Is Cq (Mozilla AI) free and open source?
Yes. Cq is open source and free to use. It follows Mozilla AI’s philosophy of building transparent, community-driven AI tools. You can self-host the entire stack using the provided containers.

What AI coding agents does Cq support?
Cq currently has plugins for Claude Code and OpenCode, plus an MCP server that can theoretically work with any agent that supports the Model Context Protocol. The architecture is designed to be agent-agnostic — any agent, any model.

How is Cq different from Andrew Ng’s Context Hub?
Context Hub focuses on curated API documentation — making sure agents have correct, current docs. Cq focuses on experiential knowledge — the practical gotchas and patterns agents discover through actual coding. Context Hub tells your agent what the docs say; Cq tells your agent what actually happens in practice. They’re complementary rather than directly competing.

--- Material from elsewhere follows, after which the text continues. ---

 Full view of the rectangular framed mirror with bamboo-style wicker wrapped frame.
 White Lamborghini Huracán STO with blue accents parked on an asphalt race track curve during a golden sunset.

Is Cq ready for production use?
Not yet. Mozilla AI explicitly describes it as a proof of concept. It works for local and small-team use cases, but the team is still iterating on the trust, reputation, and scaling mechanisms needed for broader deployment. Think of it as an early-access experiment.

What does “Knowledge Unit” mean in Cq?
A Knowledge Unit (KU) is Cq’s standard schema for a piece of agent-learned knowledge. It’s a structured, machine-readable insight — like an edge case, a workaround, or a pattern — that an agent discovered during a coding session and proposed back to the commons for other agents to use and verify.